Их дом в тихой деревне под Пермью, с большим садом и огородом, казался нам вторым домом. Вечно в трудах, они удивляли нас своей энергией. Мы собирались на все праздники, ездили на озеро Байкал, а для них самих устраивали отдых в санаториях Крыма. Деньги складывали вместе, старались, чтобы старики ни в чём не нуждались. А они, в свою очередь, никогда не оставляли нас без поддержки — то соленьями пришлют, то деньгами помогут, а однажды и на квартиру молодым подкинули. Их любовь была бесценной.
Но три года назад бабушка умерла, и всё перевернулось. Дед остался один, и мы видели, как он мучается. Закапывался в хозяйство, лишь бы не думать. Дом требовал сил, а их становилось меньше. Мы умоляли его перебраться в город — зачем одному мучиться? Но он лишь отмахивался:
— Земля тут моя. Здесь жил, здесь и умру. А хозяйство не брошу. Да и Валентина помогает.

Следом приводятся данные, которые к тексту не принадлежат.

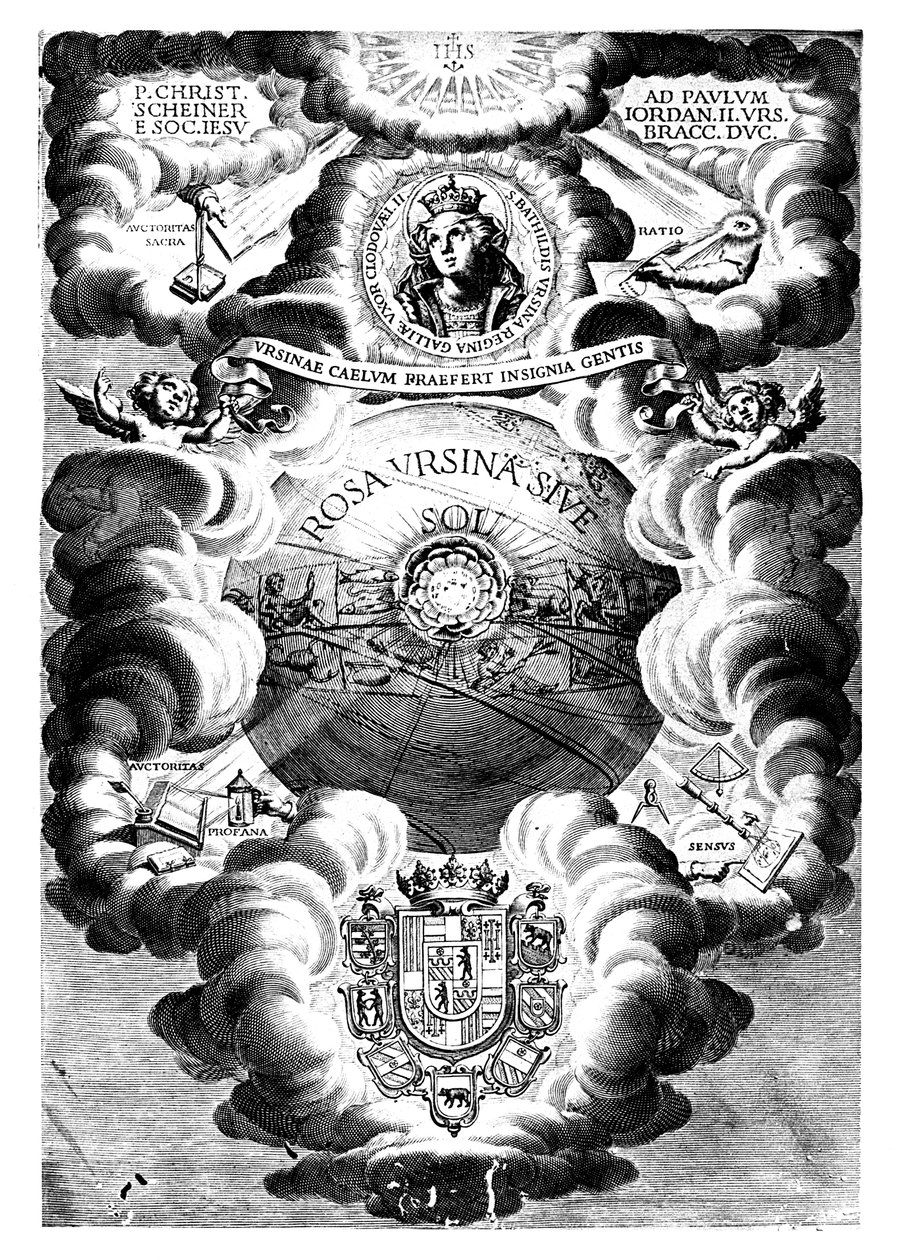 罗莎·乌西娜（Rosa Ursina）的半书名，克里斯托弗·施纳（Christopher Scheiner），1630年 作者 不明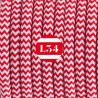 fil électrique tissu ZigZag rouge et blanc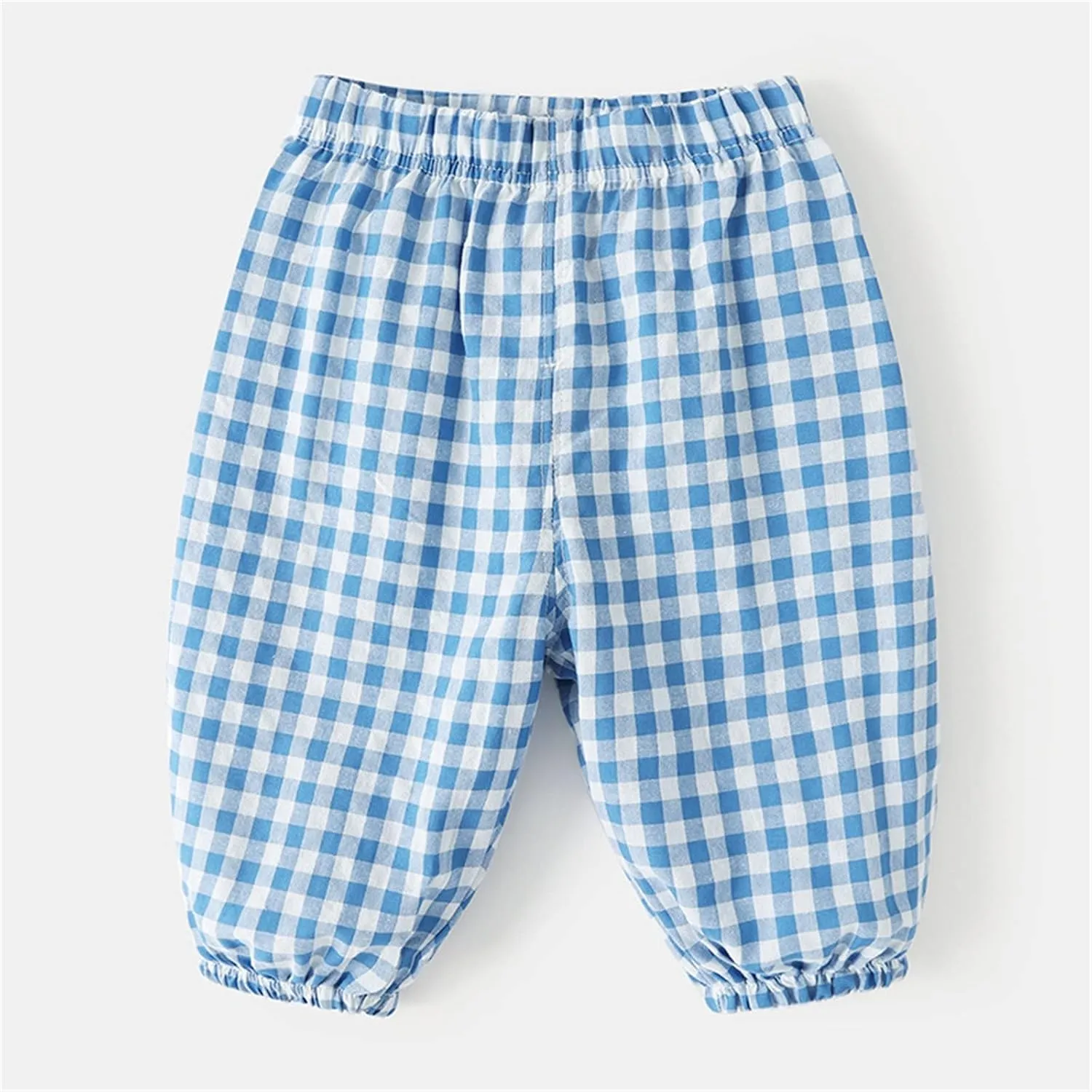 Toddler Boys Plaid Baggy Pants Breathable Lightweight Wide Leg Casual Trousers Elastic Waisted Loose Joggers Pants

Валентина, соседка, стала навещать его всё чаще. Сначала приносила еду — дед в готовке не мастер. Мы даже радовались: пусть хоть кто-то о нём заботится. Но потом она перебралась к нему насовсем. И дед ожил — улыбался, глаза блестели. Мы приезжали, старались не терять связь.
Валентина с самого начала настораживала. В её поведении было что-то… чужое. Но мы глушили тревогу: главное, чтобы деду было хорошо. А потом, спустя год после смерти бабушки, они объявили, что женятся. Будто нож в сердце. Никто не ждал такого. Дед просто поставил нас перед фактом.
На свадьбу поехали не все. Отец, старший сын, не смог сдержать ярости. Говорил, что дед предал бабушкину память. Тогда в семье и начался разлад. Но хуже всего стало потом, когда Валентина, став женой, скинула маску.
Теперь к деду нельзя было приехать без звонка — требовала предупреждать заранее. Наши общие праздники отменились. Они теперь встречались только с её роднёй, а мы словно перестали существовать. Даже внуки, которых он раньше обожал, оказались забыты.
А потом выяснилось, что бабушкины украшения, которые должны были остаться в семье, Валентина отдала своим дочерям. Мы пытались поговорить, но она стояла за спиной, влезала в разговоры, заставляла включать громкую связь. В те редкие мгновения, когда её не было рядом, дед отворачивался. Он стал чужим. Будто мы для него — просто тени прошлого.
Мы не дом и не деньги хотели вернуть. Мы хотели семью. Но он лишь бросал: «Не лезьте в мою новую жизнь». Эти слова резали больнее всего. Как тот, кто был для нас всем, мог так отвернуться? И что теперь делать, если наша семья, такая крепкая когда-то, рушится у нас на глазах?